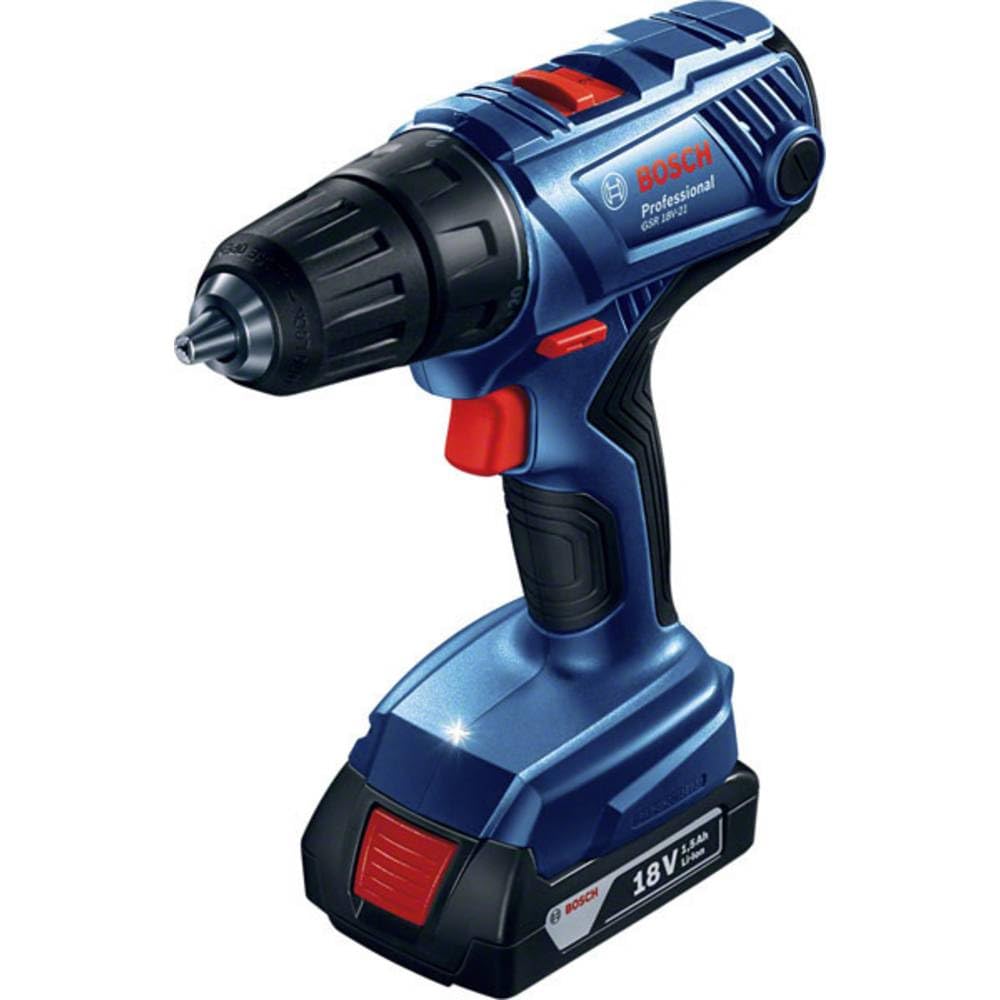 Bosch Professional 18V System GSR 18V-21 cordless combi drill (including 2x 2.0 Ah battery + GAL 18V-40 charger, in L-BOXX 136)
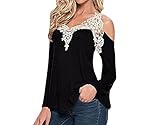 FUNOC® Womens Sexy V-Neck Lace Off Cut Out Shoulder Long Sleeve Tops Shirt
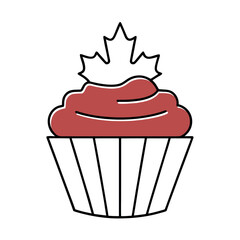 Cupcake with Maple Topping and Red Base Vector Illustration Design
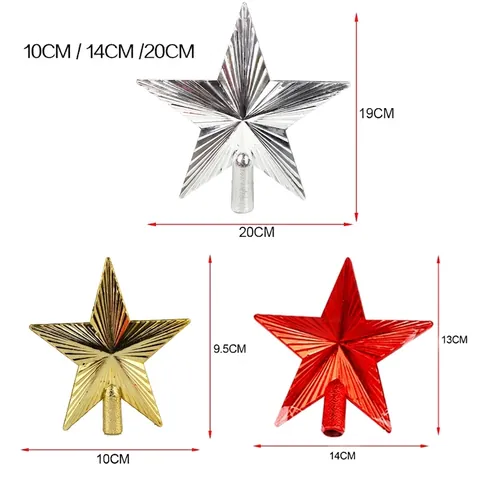 Weihnachtsbaumspitze Stern Dekoration Kunststoff Fünfzackiger Stern Ornament Gold Silber Rot Baumspitze Für Deko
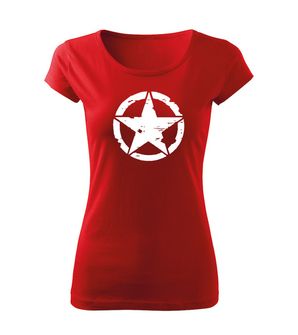DRAGOWA dámské tričko star, červená 150g/m2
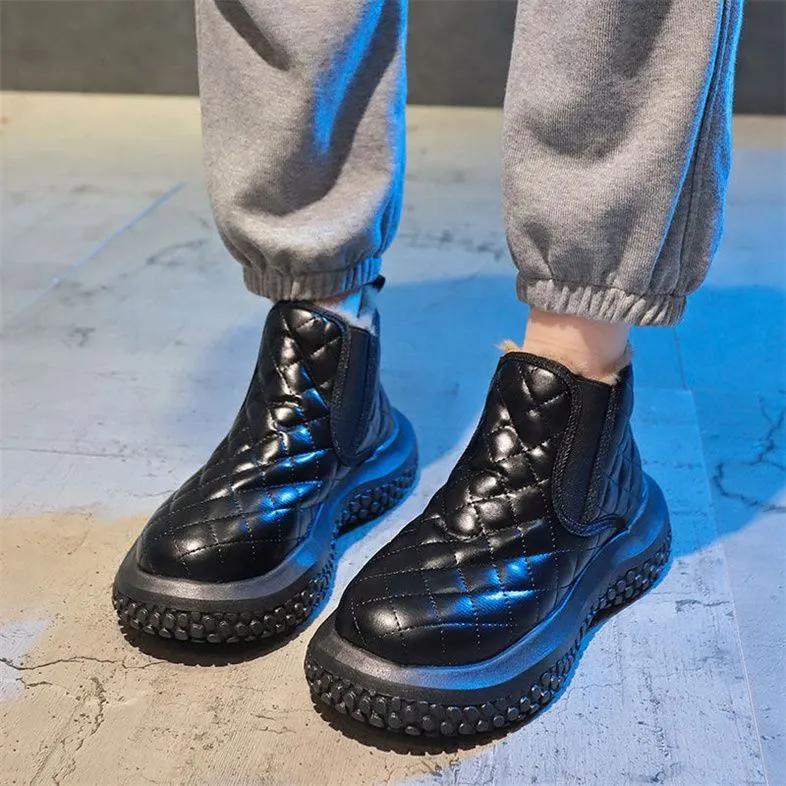 Milk Huhu Thick-soled White Shoes, Snow Boots, Women's Plus Velvet Thickened Autumn and Winter Cotton Shoes, Waterproof, Non-slip and Warm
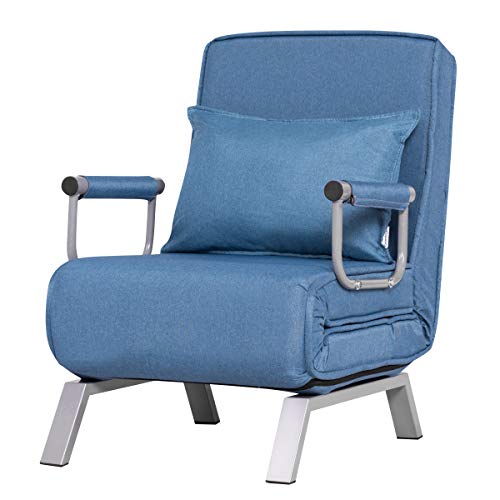 Costway-Fauteuil-ConvertibleFauteuil-lit-Chauffeuse-1-Place-en-Tissu-avec-CoussinDossier-Rglable-de-5-Positions-et-2-Accoudoirs-pour-SalonBureauChambre-0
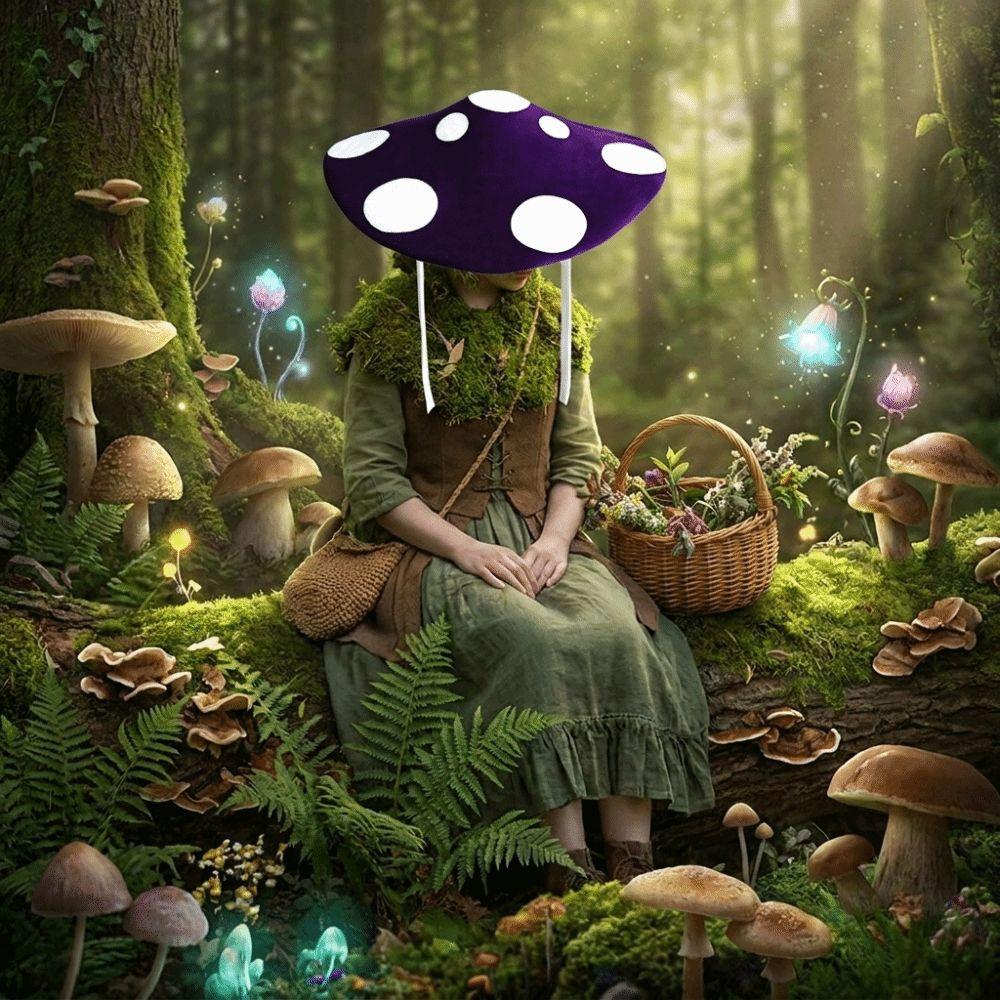Polka Dot Mushroom Hat Soft Velvet Fungus Beret Cap Adjustable Costume Headpiece Novelty Costume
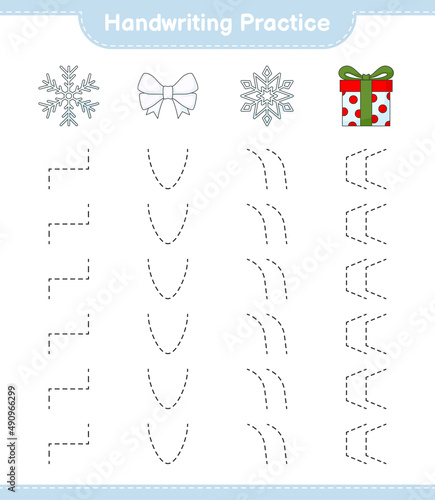 Handwriting practice. Tracing lines of Ribbon, Snowflake, and Gift Box. Educational children game, printable worksheet, vector illustration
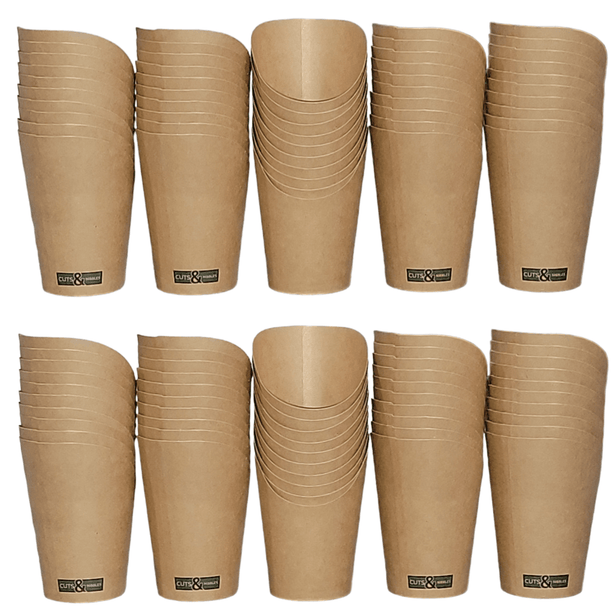 Generic Brown 12oz Charcuterie Cups, Kraft French Fry Holder, Disposable Cardboard Paper Appetizer Cups, Wedding Snack Cups, Bridal Party Cups, Set of 100 - Cuts & Nibbles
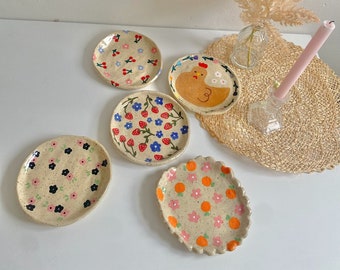 PREORDER: cute speckled stoneware clay ceramic dessert dish-ceramic dish,dessert dish,handmade ceramics,ceramic plate,small food plate
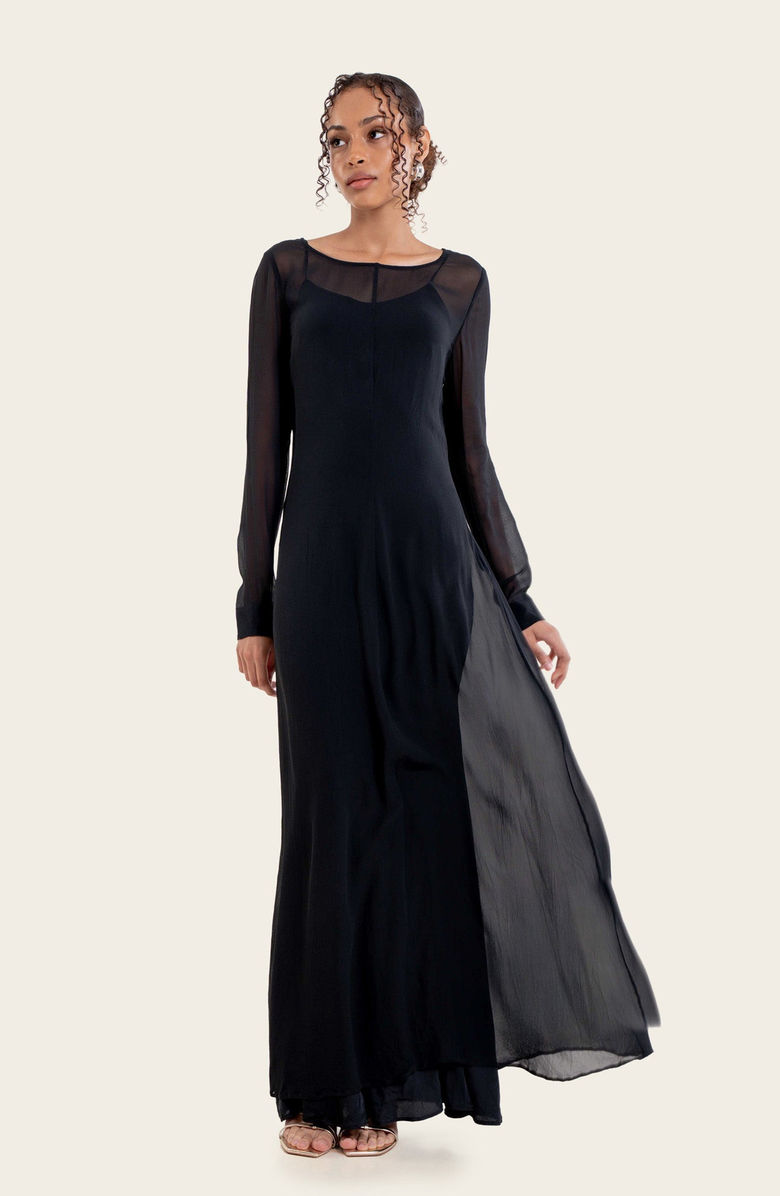 Italic Monroe Silk Maxi Dress Set, Main, color, Black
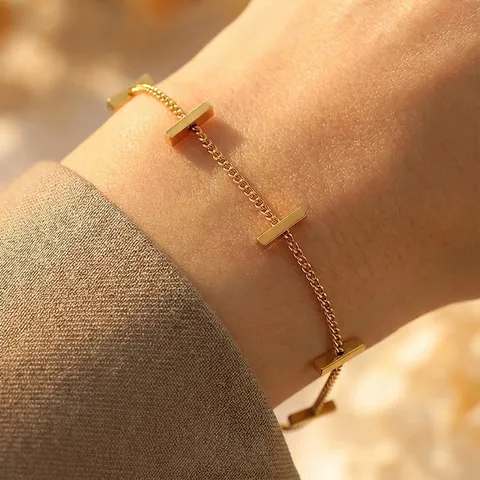 Minimalist Stainless Steel Bracelet For Women French Elegant Long Strip Rectangular Bar Charms Adjustable Chain Jewelry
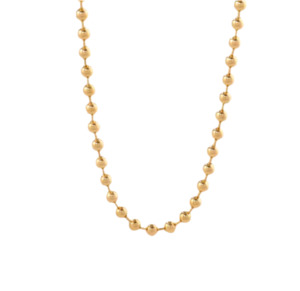 Stainless Steel Bead Ball Necklace 3mm Gold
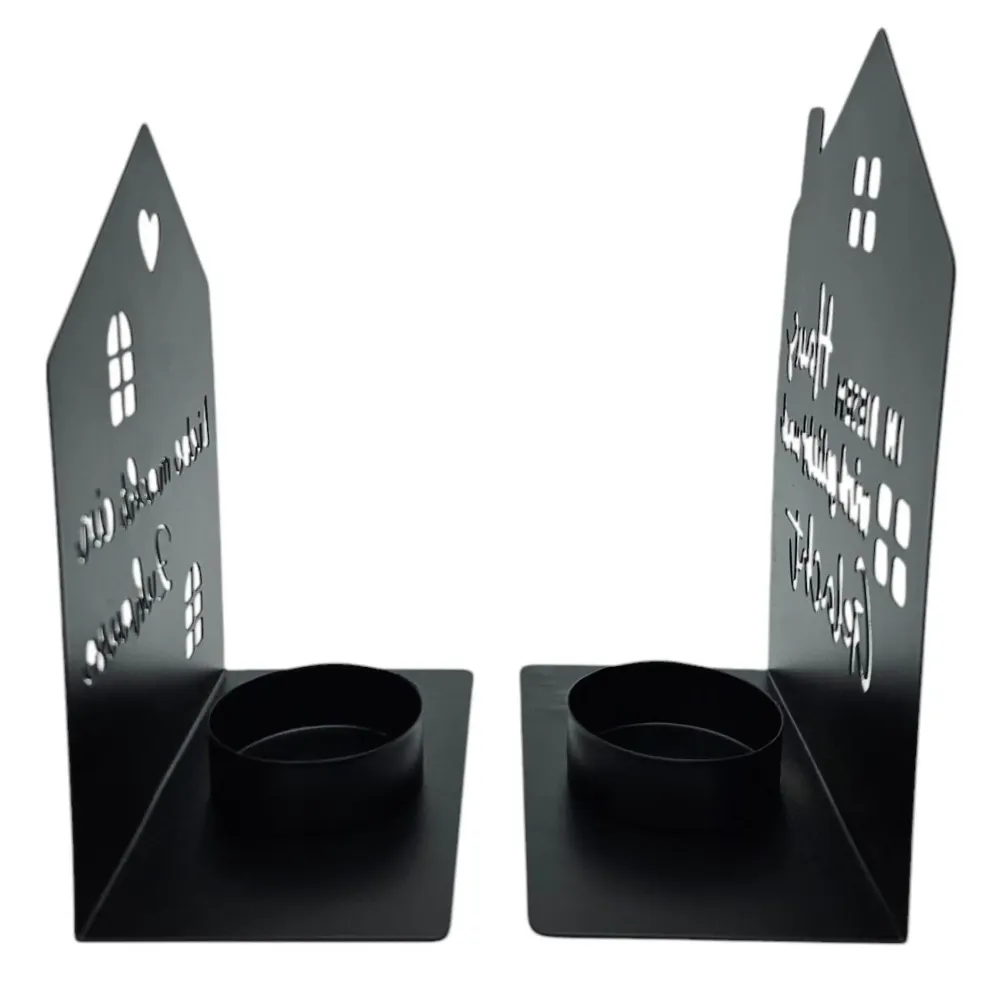 Teelichthalter Haus schwarz 2er Set Kerzenhalter Metall Zuhause Sprüche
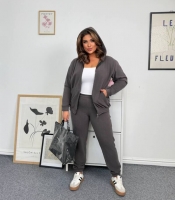 Спортивный костюм-двойка женский флис полар утеплённый на молнии с капюшоном и брюками осенний зимний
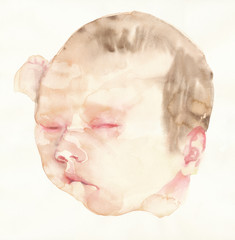 baby - color head (water colors)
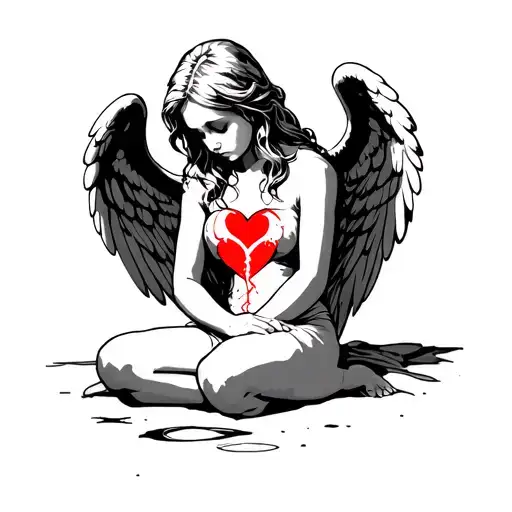 Broken hearted angel sitting sad tattoo design idea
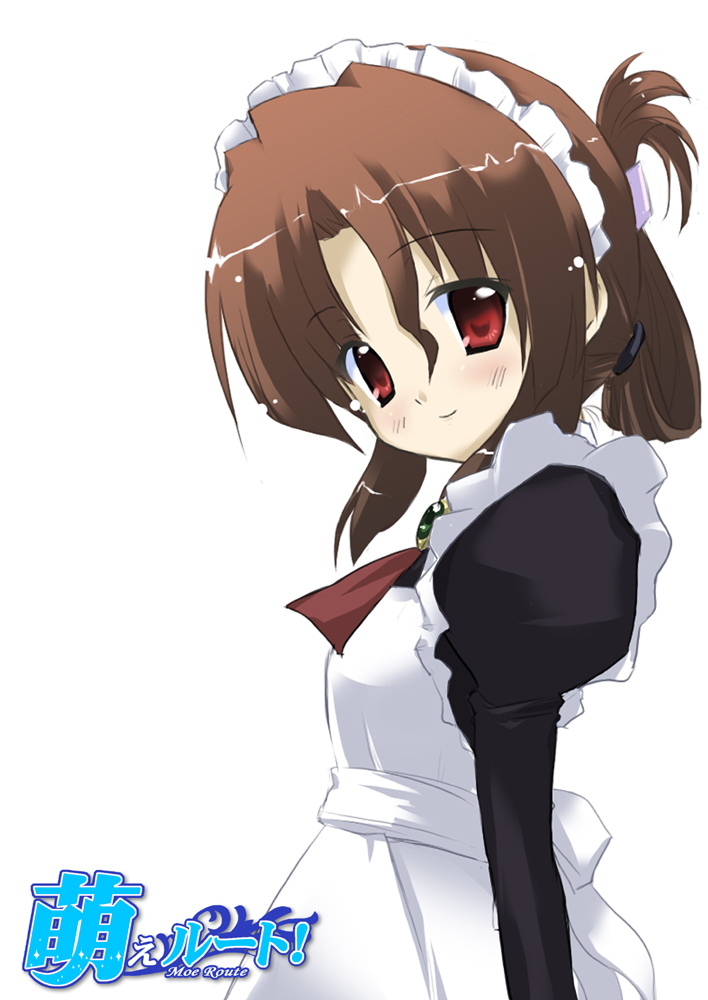 minase shuu, maria (hayate no gotoku!), hayate no gotoku!, 00s, 1girl, apron, ascot, brown hair, female focus, folded ponytail, from side, hair ornament, hairclip, juliet sleeves, long sleeves, looking at viewer, maid, maid apron, maid headdress, puffy sleeves, red eyes, scrunchie, smile, solo, white background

● ● ●

> THE TASK: Omit any images, then output the listing exactly.

> YOUR SOLUTION:
 Bosch Professional 18V System GSR 18V-21 cordless combi drill (including 2x 2.0 Ah battery + GAL 18V-40 charger, in L-BOXX 136)
 FUNOC® Womens Sexy V-Neck Lace Off Cut Out Shoulder Long Sleeve Tops Shirt
 Cupcake with Maple Topping and Red Base Vector Illustration Design
 Weihnachtsbaumspitze Stern Dekoration Kunststoff Fünfzackiger Stern Ornament Gold Silber Rot Baumspitze Für Deko
DRAGOWA dámské tričko star, červená 150g/m2
 Milk Huhu Thick-soled White Shoes, Snow Boots, Women's Plus Velvet Thickened Autumn and Winter Cotton Shoes, Waterproof, Non-slip and Warm
 Costway-Fauteuil-ConvertibleFauteuil-lit-Chauffeuse-1-Place-en-Tissu-avec-CoussinDossier-Rglable-de-5-Positions-et-2-Accoudoirs-pour-SalonBureauChambre-0
Polka Dot Mushroom Hat Soft Velvet Fungus Beret Cap Adjustable Costume Headpiece Novelty Costume
 Handwriting practice. Tracing lines of Ribbon, Snowflake, and Gift Box. Educational children game, printable worksheet, vector illustration
 Generic Brown 12oz Charcuterie Cups, Kraft French Fry Holder, Disposable Cardboard Paper Appetizer Cups, Wedding Snack Cups, Bridal Party Cups, Set of 100 - Cuts & Nibbles
 PREORDER: cute speckled stoneware clay ceramic dessert dish-ceramic dish,dessert dish,handmade ceramics,ceramic plate,small food plate
 Italic Monroe Silk Maxi Dress Set, Main, color, Black
 Minimalist Stainless Steel Bracelet For Women French Elegant Long Strip Rectangular Bar Charms Adjustable Chain Jewelry
 Stainless Steel Bead Ball Necklace 3mm Gold
 Teelichthalter Haus schwarz 2er Set Kerzenhalter Metall Zuhause Sprüche
 Спортивный костюм-двойка женский флис полар утеплённый на молнии с капюшоном и брюками осенний зимний
 baby - color head (water colors)
 Broken hearted angel sitting sad tattoo design idea
 minase shuu, maria (hayate no gotoku!), hayate no gotoku!, 00s, 1girl, apron, ascot, brown hair, female focus, folded ponytail, from side, hair ornament, hairclip, juliet sleeves, long sleeves, looking at viewer, maid, maid apron, maid headdress, puffy sleeves, red eyes, scrunchie, smile, solo, white background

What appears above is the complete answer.